If you discuss this in Paris, Berlin, or Vienna and say that part of the problem comes from our adopting the English public schools, and until recently allowing them to entrench the class system and single sex clubs, the person you are speaking to will shrug their shoulders, roll their eyes, give the rationalist version of crossing themselves, and set about a stiff drink. (You get a similar response at Cambridge and Oxford because they are very sensitive there to allegations of elitism.)
But if there is one cow holier than small business out here, it is private schools. That is an issue that cuts clean across all class, ethnic, religious, and financial barriers. Any Australian politician even looking at that lions’ den is asking to be eaten alive. If you want to blow up any barbecue or dinner party, just suggest that the parents are sending their kids to the wrong kind of school – but this is another area where any differences between the main parties are accidental.
Our wars
Before I get back to the issue of how to distinguish policies, let me just say something about our wars. It is as if we have become addicted to failure. When the Japs overran Singapore, we turned from the England to the U S for security. We have since gone to war at their request. We do so as payment on the policy of the security that they offer us. But we never come clean about that. It so happens that with Vietnam and Iraq there were other and worse lies too. There is no worse a crime that a government may commit than to send its young men off to die for a lie, but we will never get an apology.
We are far too obedient with the U S – and Labor leaders always get duchessed as quickly in Washington as at Westminster. All these problems come from our national immaturity and our refusal to cut the apron strings. (I was interested to hear Malcom Fraser say that his disenchantment with the U S went back to the acquisition of the F111.) On our most recent failures in Iraq and Afghanistan, public opinion was split. But not for our politicians. They marched on grimly in lock-step to salute the flag. That is not even our own.
Other criteria?
Well, let us get off typing people for the sake of it, and look again at criteria for differing between policies and platforms. Liberal and Labor are useless. Left and right and are not much good and prone to abuse. The question is how much power and responsibility we give to government and for that purpose the old labels ‘conservative’ and ‘liberal’ do not take us far. One dill of a sorry bent who appeals to one senior politician fancied egoessential against egoregressive. Well, that has the advantage of candour.
If you wanted to talk about people being ‘libertarian’ or ‘progressive’, are you doing so to classify them from above, or testing them to see whether you would vote for them? I am not interested in the first, and I doubt whether you would find any appetite for the second. Policy criteria must, as it seems to me, either derive from accepted custom, or provide workable tests. The terms ‘libertarian’ and ‘progressive’ look to me to be too abstract and to look like an attempt to frame the question to attract the desired answer.

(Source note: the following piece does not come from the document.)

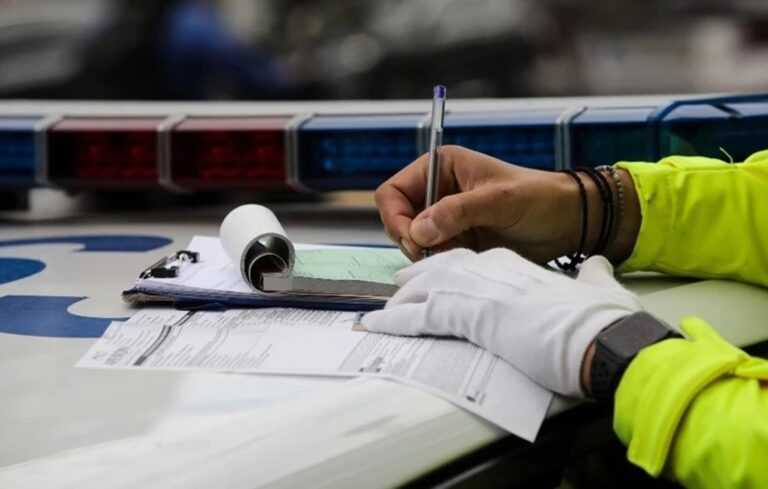 17χρονος οδηγούσε μοτοσικλέτα χωρίς δίπλωμα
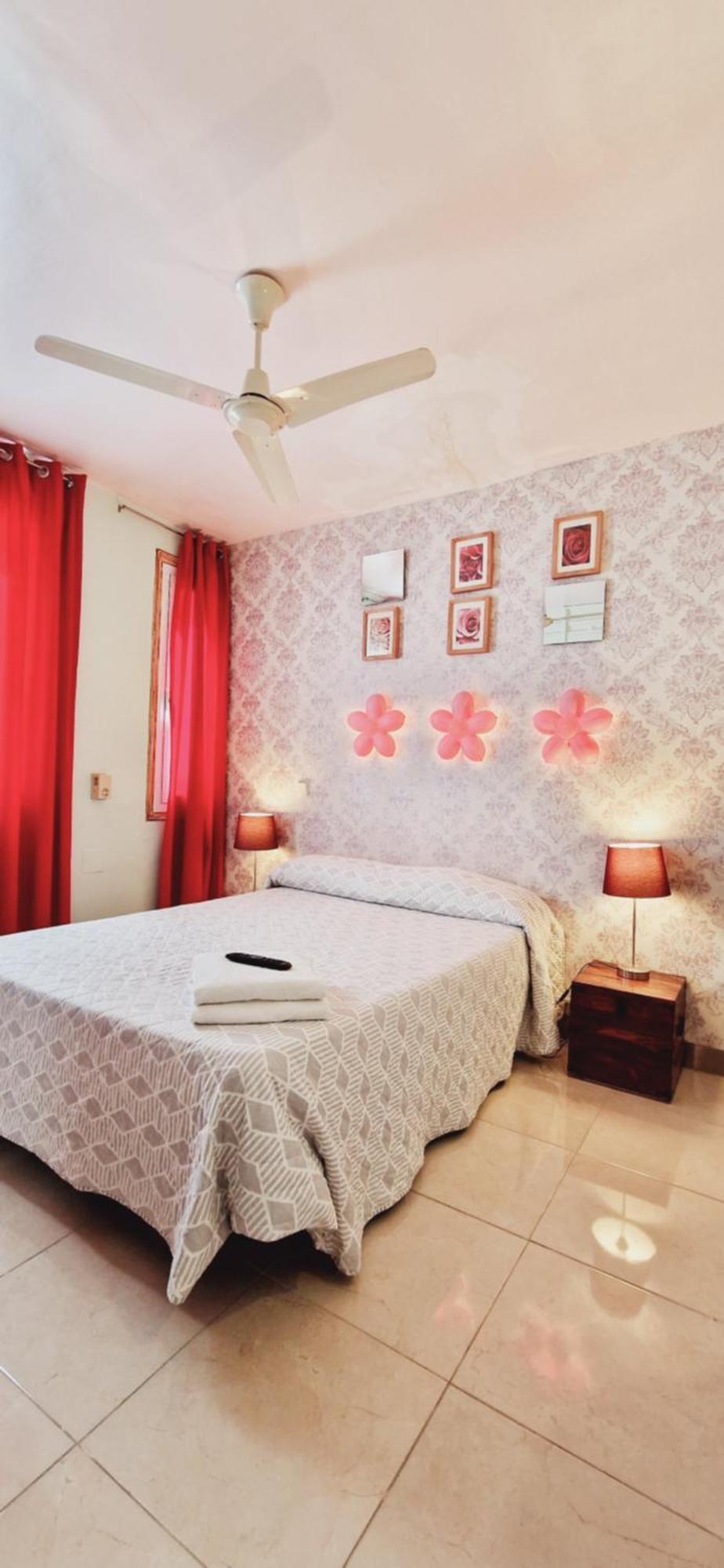 Casa De Huespedes Dolce Vita مدريد المظهر الخارجي الصورة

The short answer is that I cannot see what kinds of criteria might be adopted by major parties to distinguish themselves on a consistent basis across the issues of the day. That is one reason why I think the two-party system is falling apart.
Let me look at three contemporary issues that are discussed now – the environment (climate change), immigration (refugees), and gay marriage. I can understand some tenderness between, say, conservatives and liberals on the last, but I really have no idea why there should be said to be a similar division on the environment or immigration. (For that matter, I do not know why the Right is always so keen to pick a fight about racism in this country, or why they want to pretend that it is not happening – when the rest of the country knows that it is.)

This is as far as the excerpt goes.